Once we look at what we’ve done or what we’ve said (or what we haven’t done or haven’t said) we begin to internalize our mistakes; we allow our demons to consume us and whisper negative affirmations; in one ear, and out–our saving grace. We start to emotionally-mutilate ourselves, skinning away self-respect and anything that resembles love or esteemed acceptance. We wander through the maze of our psyche, attempting to hear a tree fall. We begin to believe we are rooted in terrible decision making and do not deserve the forgiveness we know we need.
3. Resolution / Bargaining
Once we whack through the branches or tumbleweeds, we are ready to pronounce and exclaim …everything; our faults, our grievances but namely empty promises. “I will never drink again.” “I will never lie again.” “I will never binge-eat again.” “I live never do it again.” “I will never be kind to those undeserving again.” “I will never give my unsolicited advice again.” Made with good intentions, they are soon to fall short due to poor preparation. Blind to see that a pure future cannot reverse a blemished past, many of us will soon start all the way back at “denial” in no time. We are born sinners. Bestowing an idea of perfection of crisp, rational decision making is far-fetched. More intoxicated than we were when we made the mistakes, we are drunk on hope that we are about to be the person on a pedestal, who does not exist.

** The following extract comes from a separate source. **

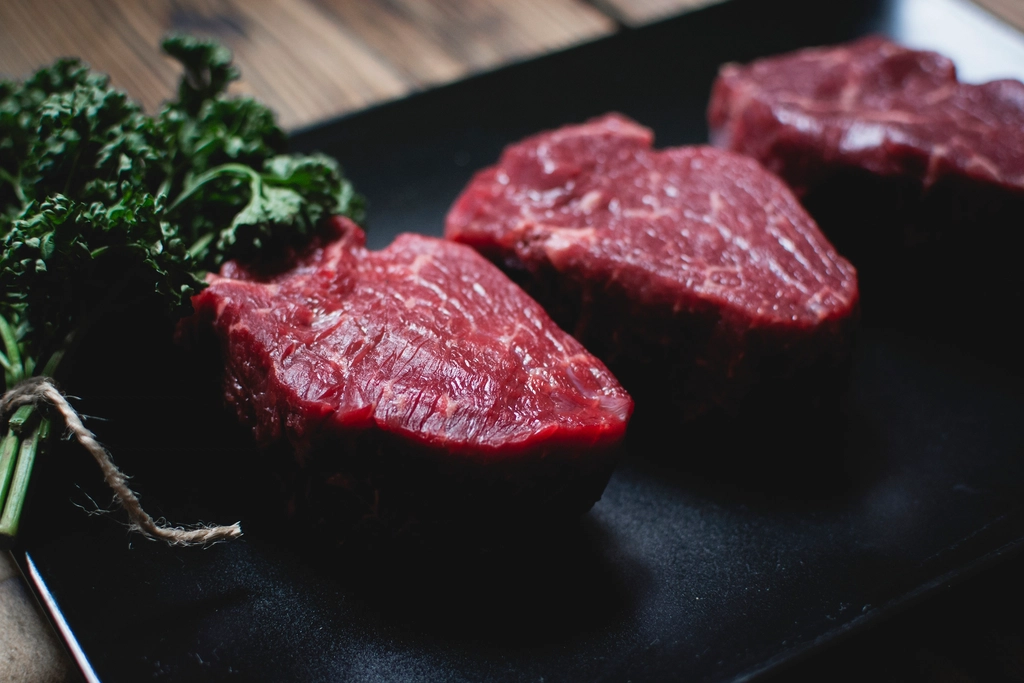 Morceaux de bœuf crus sur une planche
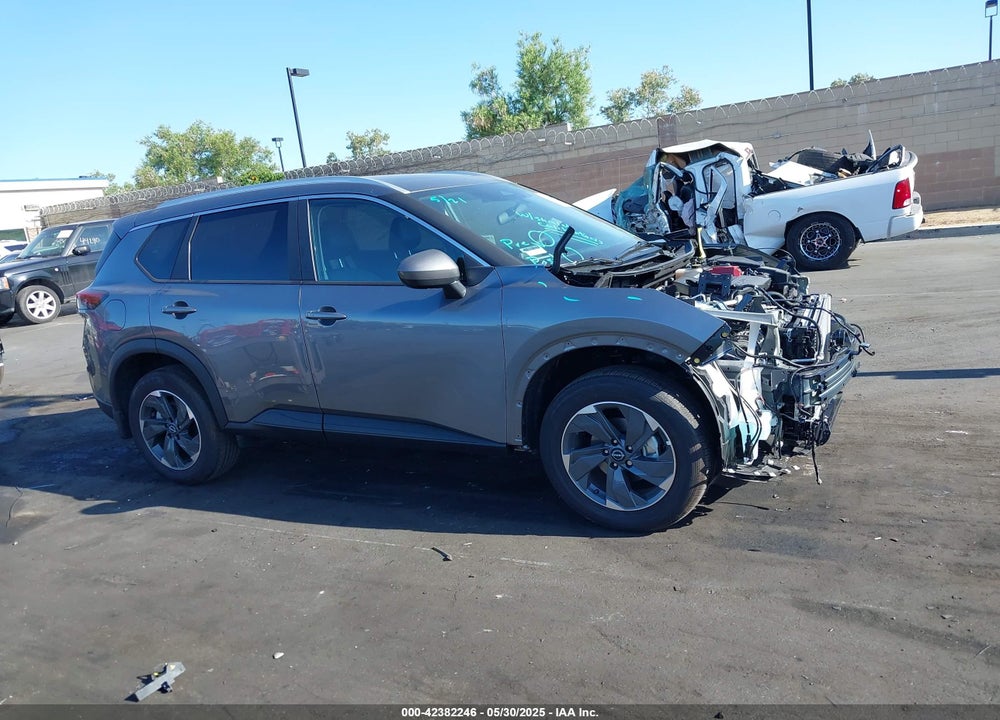 2025 NISSAN ROGUE SV FWD VIN: 5N1BT3BA3SC823736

4. Realistic Resolution/Lesson Learned
So as we sprint into the future with excitement, we are bound to stumble or become winded. Looking to replenish, we recall an old fable and remind ourselves slow and steady wins the race. We take a moment to sit and reflect. We can mentally rotate the Rubik’s Cube of how’s, why’s, and self-disgust. We ultimately piece together a strategy and realistic plan. We fill our journals with words and learned wisdom. We lift the pen, go over our words carefully, and close the chapter.
At this point, we know we can only ask and accept. Ask ourselves why we chose to do or say what we did; accept the consequences. Ask for forgiveness; accept the grace or mercy given to us. Ask for guidance; accept the advice. Ask ourselves for forgiveness; accept we are not perfect and always, always deserve to begin again and have a heart full of hope for better days.